Je publie avec l'accord de mon fils Vivien, les lettres journalières que je lui ai adressées. Cela est probablement une forme d’exhibitionnisme, mais aussi un partage thérapeutique.

dimanche 12 juin 2016

Lundi 23 février 2015





Hier, je n’ai pas pris mes petites pilules pour dormir. J’ai dormi d’un sommeil plus réfléchi sans coefficient de réfraction. Les rêves étaient plus matérialistes. Terminé les hippopotames en tutu, les éléphants bleus fumeurs de baobab, les déesses séniles qui hantaient mes nuits, les léopards en string humain, les intégristes de la paix, les pourfendeurs de buches, les baromètres fluorescents, les cornacs dans le coma, les montées de libido face à un silex biface, les bols de café où le contenu devennait le contenant…lorsque je me réveille la nuit, les pensées sont plus claires et plus réalistes. Si je supporte le réel, c’est que le réel est supportable, si le réel est maintenant supportable c’est parce que mon grand fiston va mieux.

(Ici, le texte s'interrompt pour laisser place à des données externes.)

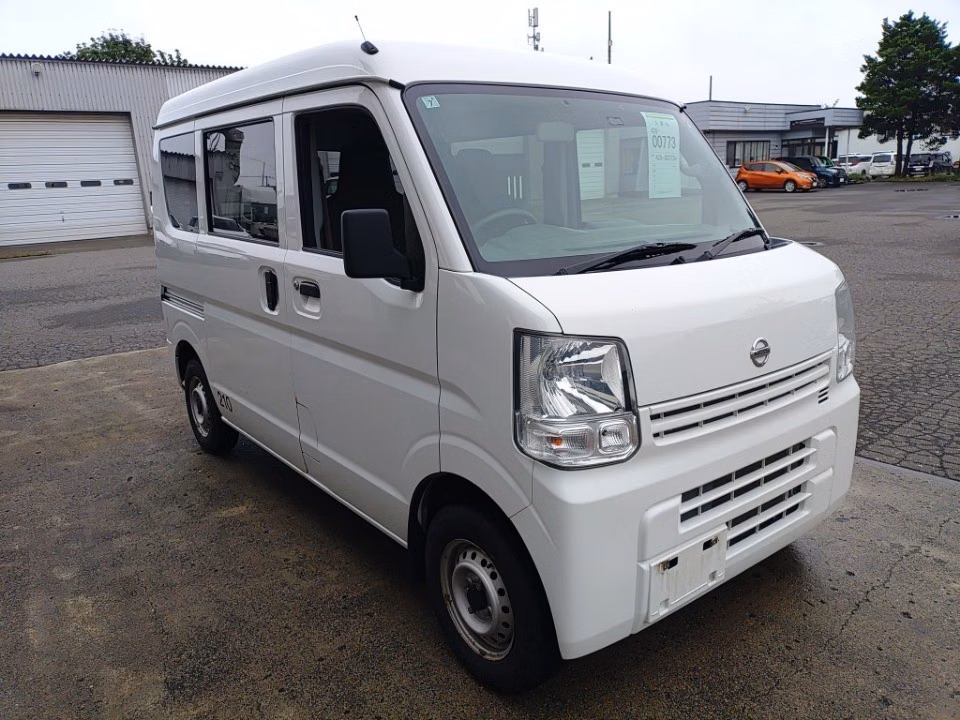 NISSAN NV100 CLIPPER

Je n’écris pas qu’il est sorti d’affaire, je ne désire pas attirer l’attention  des sorcières maléfiques qui l’ont endormi.
Hier, Vivien m’a rembarré. N’est-ce pas un signe positif ? Monsieur refusait de mettre sa capuche, alors que son corps frêle avait oublié les caresses de la bise de Normandie. Il a fait sa première sortie à l’extérieur, moitié siège à roues, moitié chaussures.

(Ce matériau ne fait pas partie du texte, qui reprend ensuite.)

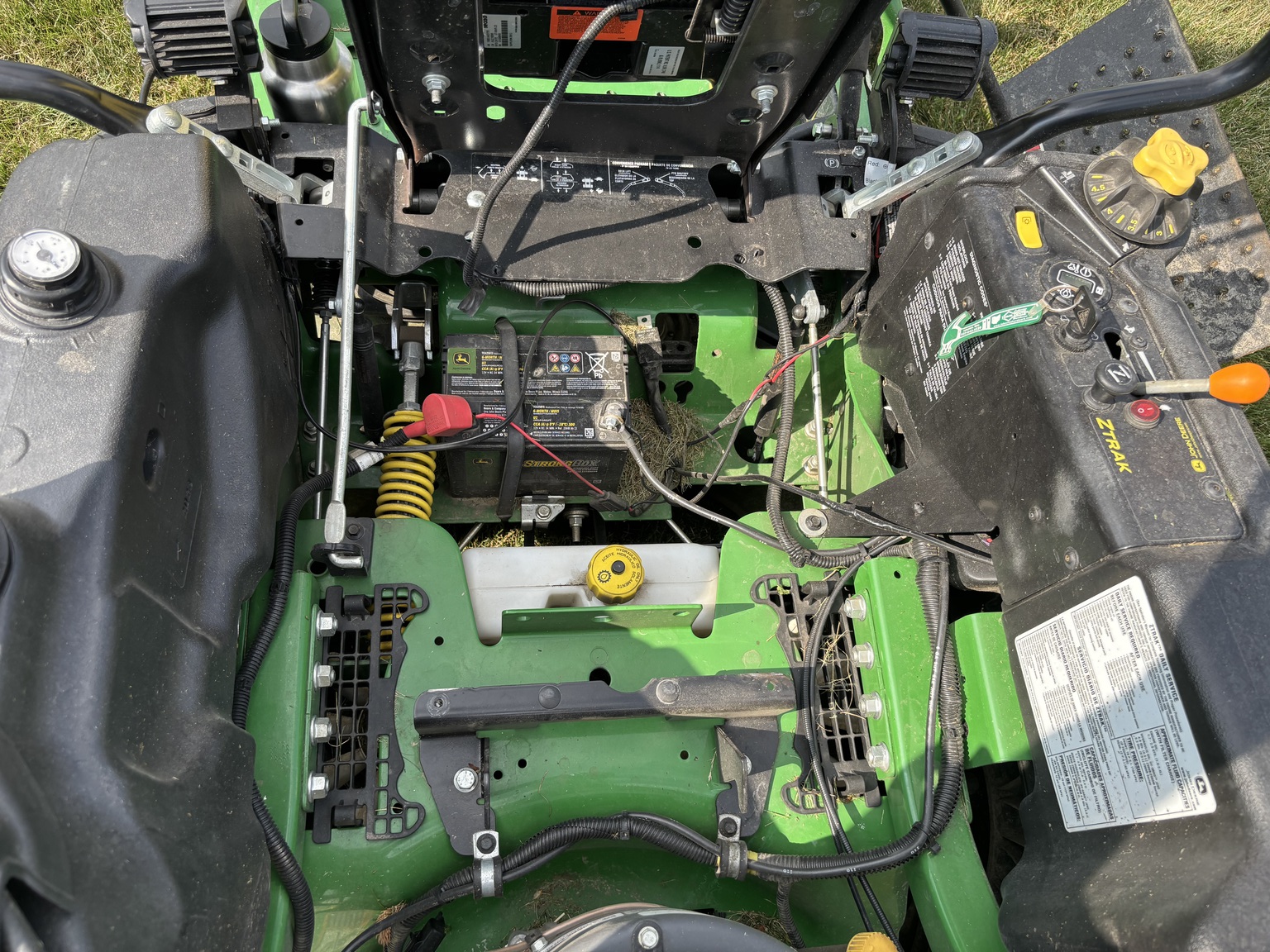 Used 2023 John Deere Z930M Zero Turn Mowers at Koenig Equipment in Greenfield, IN - PhotoXL24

Vivien attend une place en centre de rééducation fonctionnelle. Pour l’instant il profite de la vie. Entre les petits plats préparés avec amour par sa mère, les visites de ses potes, la lecture des bandes dessinées, la visite de la famille, les câlins de sa maman chérie il n’a pas le temps de s’ennuyer.

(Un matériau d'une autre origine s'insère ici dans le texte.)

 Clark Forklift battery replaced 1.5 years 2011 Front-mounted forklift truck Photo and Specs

 Tous les jours sous l’impulsion des injections d’anti coagulants, il fait une promenade sur ses deux jambes. La motivation première pour l’acquisition de la marche n’est pas l’autonomie comme chez le commun des mortels, mais la peur des piqures. Chacun sa motivation, et seul le résultat compte.
Qu’il marche sans appui est un exploit, car ses jambes sont aussi grosses que deux baguettes chinoises. Il y a une semaine, il tenait tous juste debout avec l’aide d’une tierce personne qui n’était pas la troisième car il n’était que deux. De plus comble de l’absurdité elle n’était pas chinoise. Comment a-t-elle su manier deux baguettes ?
Les sens fonctionnent, même l’ouïe. Pourtant nous avions été préparés à une surdité de l’oreille gauche. Une fracture du rocher entraine une surdité. Et bien non, il entend parfaitement quand je susurre à son oreille : petit con. Je n’écrirai pas la réponse de peur de choquer des parents bien-pensants.
Voilà les nombreuses raisons qui ont provoqué la fuite des petites pilules que j’affectionnais tant. Pour compenser leur absence, je picole un peu plus et roule un petit pétard du soir. Terminé les rêves studieux. Maintenant je rêve de nuages roses, de fées nues, de lignes de coke interminable, de farandoles de petits chevaux à base de bisphénol, de tours Eiffel plantées, du bouc de monsieur Seguin, et de massacre à la tronçonneuse sur tous les conifères qui  squattent nos montagnes.
Je suis contre l’éradication des arbres, mais je suis partisan des montagnes chauves. Je suis écologiste mais pas con.





Cette navigation est symbolique. La dernière navigation était le jour de l’accident de Vivien. Cinq mois plus tard, le premier mai, Ninon, Vivien et moi fîmes le voyage du retour. Nous passâmes devant les mêmes falaises sur lesquelles une partie de mon Moi restera à jamais figé. Ce fut un moment intense.